Padahal, amanah reformasi tegas menyatakan diantaranya untuk menghapuskan dwifungsi ABRI. Maknanya, tidak hanya untuk memastikan netralitas TNI sebagai pemegang kuasa konstitusional yang menjaga pertahanan negara, tapi juga netralitas Polri yang bertanggungjawab terhadap keamanan negara. Reformasi yang telah berhasil memisahkan dan menjaga netralitas kedua institusi tersebut, seyogyanya tidak ditarik mundur oleh penguasa sipil.

Atas dasar itu, kami dari Pusat Studi Hukum Tata Negara (PSHTN) Fakultas Hukum Universitas Indonesia menyatakan bahwa jabatan penjabat Gubernur dari unsur kepolisian bertentangan dengan UU Pilkada dan konstitusi RI serta berdampak pada pudarnya netralitas Polri sebagai amanat dari reformasi. Pernyataan tersebut didasarkan kepada hal-hal berikut:

1. Jabatan pelaksana tugas atau penjabat Gubernur *harus* berasal dari jabatan pimpinan tinggi madya yang berasal dari kalangan sipil sebagaimana diatur di dalam Pasal 201 ayat (10) UU Pilkada. Wacana Mendagri untuk menunjuk perwira tinggi Polri yang masih aktif sebagai penjabat Gubernur Jawa Barat dan Sumatera Utara merupakan wacana yang tidak berdasarkan hukum yang justru telah mencederai semangat reformasi.

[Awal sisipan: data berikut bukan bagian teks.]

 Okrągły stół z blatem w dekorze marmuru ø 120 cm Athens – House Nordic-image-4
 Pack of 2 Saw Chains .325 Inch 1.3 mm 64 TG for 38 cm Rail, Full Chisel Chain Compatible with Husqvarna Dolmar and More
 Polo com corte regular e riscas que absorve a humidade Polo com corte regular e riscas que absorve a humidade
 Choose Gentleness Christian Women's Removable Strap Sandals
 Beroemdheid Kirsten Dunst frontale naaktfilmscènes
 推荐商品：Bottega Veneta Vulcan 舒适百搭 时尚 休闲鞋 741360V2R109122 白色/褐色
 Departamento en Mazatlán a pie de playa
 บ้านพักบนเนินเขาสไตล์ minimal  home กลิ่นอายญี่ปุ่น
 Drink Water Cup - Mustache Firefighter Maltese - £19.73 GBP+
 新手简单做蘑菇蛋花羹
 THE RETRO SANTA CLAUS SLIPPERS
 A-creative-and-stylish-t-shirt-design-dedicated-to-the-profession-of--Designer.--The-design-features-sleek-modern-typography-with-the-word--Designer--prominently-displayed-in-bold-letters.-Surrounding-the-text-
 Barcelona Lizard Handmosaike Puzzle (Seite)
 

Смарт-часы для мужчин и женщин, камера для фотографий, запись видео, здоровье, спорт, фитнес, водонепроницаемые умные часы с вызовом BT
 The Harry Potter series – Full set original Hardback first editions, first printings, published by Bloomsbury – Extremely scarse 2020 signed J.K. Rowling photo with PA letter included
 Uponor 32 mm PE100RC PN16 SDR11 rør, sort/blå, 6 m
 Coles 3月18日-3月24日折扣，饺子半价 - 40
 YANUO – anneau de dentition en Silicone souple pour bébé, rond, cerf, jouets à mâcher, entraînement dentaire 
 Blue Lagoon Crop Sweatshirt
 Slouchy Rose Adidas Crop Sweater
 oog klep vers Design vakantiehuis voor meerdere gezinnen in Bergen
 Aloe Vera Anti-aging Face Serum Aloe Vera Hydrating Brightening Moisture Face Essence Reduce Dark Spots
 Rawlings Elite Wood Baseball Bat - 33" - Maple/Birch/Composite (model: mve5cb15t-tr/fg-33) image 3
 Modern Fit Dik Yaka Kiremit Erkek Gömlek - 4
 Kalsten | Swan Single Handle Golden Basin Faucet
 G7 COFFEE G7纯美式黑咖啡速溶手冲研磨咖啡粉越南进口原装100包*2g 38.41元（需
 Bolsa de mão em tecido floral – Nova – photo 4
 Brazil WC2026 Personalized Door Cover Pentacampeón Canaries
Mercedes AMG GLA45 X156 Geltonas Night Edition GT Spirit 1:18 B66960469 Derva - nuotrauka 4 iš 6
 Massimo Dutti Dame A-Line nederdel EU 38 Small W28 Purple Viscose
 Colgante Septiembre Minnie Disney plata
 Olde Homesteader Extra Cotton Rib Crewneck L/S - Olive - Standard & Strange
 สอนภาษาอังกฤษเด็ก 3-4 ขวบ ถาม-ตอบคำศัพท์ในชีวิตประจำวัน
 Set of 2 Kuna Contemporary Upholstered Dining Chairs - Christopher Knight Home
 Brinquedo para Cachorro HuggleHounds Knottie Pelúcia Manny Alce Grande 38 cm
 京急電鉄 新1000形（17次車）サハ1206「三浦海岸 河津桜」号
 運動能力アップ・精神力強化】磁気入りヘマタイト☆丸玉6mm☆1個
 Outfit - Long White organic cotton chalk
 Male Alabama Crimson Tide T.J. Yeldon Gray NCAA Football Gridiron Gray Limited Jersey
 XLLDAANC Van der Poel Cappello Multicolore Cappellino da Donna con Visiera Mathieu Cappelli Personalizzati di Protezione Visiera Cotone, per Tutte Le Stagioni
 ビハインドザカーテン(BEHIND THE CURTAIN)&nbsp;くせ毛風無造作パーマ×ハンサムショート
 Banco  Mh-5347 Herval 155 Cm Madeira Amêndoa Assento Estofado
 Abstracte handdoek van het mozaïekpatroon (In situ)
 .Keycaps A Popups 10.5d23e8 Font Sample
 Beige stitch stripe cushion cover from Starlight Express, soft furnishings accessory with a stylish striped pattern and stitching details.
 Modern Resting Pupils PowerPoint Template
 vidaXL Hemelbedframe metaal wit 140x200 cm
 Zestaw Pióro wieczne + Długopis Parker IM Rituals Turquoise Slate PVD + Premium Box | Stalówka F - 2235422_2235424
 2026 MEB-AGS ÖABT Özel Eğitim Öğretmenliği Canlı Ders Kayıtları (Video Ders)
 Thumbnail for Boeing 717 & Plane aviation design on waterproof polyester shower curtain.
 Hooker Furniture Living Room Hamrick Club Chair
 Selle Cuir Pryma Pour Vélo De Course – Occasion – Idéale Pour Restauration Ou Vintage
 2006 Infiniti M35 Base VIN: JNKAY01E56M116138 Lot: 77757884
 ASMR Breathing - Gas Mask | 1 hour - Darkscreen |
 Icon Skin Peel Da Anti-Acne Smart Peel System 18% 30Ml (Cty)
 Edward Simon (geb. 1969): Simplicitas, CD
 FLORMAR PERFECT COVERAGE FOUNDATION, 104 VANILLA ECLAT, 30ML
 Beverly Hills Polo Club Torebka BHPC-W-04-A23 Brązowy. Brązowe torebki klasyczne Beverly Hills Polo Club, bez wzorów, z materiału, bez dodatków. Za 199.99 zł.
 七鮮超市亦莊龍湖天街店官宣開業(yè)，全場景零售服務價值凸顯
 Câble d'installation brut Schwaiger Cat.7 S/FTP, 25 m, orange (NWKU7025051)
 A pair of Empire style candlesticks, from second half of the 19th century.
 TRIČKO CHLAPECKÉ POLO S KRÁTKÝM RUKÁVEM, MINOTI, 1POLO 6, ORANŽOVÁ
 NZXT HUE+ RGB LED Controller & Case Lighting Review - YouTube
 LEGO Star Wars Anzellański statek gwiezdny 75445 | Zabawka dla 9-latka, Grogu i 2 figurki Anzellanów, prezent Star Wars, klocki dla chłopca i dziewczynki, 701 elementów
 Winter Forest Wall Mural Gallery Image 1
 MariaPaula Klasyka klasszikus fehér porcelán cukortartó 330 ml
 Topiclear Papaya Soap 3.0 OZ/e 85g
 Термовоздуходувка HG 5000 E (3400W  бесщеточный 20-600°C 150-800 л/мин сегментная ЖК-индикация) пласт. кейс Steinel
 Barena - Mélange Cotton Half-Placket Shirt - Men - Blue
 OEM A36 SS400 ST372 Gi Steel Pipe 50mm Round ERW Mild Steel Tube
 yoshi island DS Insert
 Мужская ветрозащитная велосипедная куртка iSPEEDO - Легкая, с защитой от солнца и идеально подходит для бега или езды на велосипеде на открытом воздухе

2. Mendagri merujuk kepada Permendagri No. 1/2018 tentang cuti di luar tanggungan negara bagi kepala daerah, namun Permendagri tersebut justru bertentangan dengan materi muatan UU Pilkada. Di dalam Pasal 4 ayat (2) Permendagri tersebut memuat norma yang menyatakan bahwa yang menjadi penjabat Gubernur berasal dari pejabat pimpinan tinggi madya/setingkat di lingkup pemerintah pusat/provinsi. Dari dasar inilah kemudian Mendagri mengasumsikan bahwa perwira tinggi Polri merupakan jabatan yang setingkat dengan pimpinan tinggi madya. Padahal, di dalam ketentuan UU Pilkada telah diatur secara limitatif bahwa hanya pejabat pimpinan tinggi madya saja yang dapat menjadi penjabat Gubernur.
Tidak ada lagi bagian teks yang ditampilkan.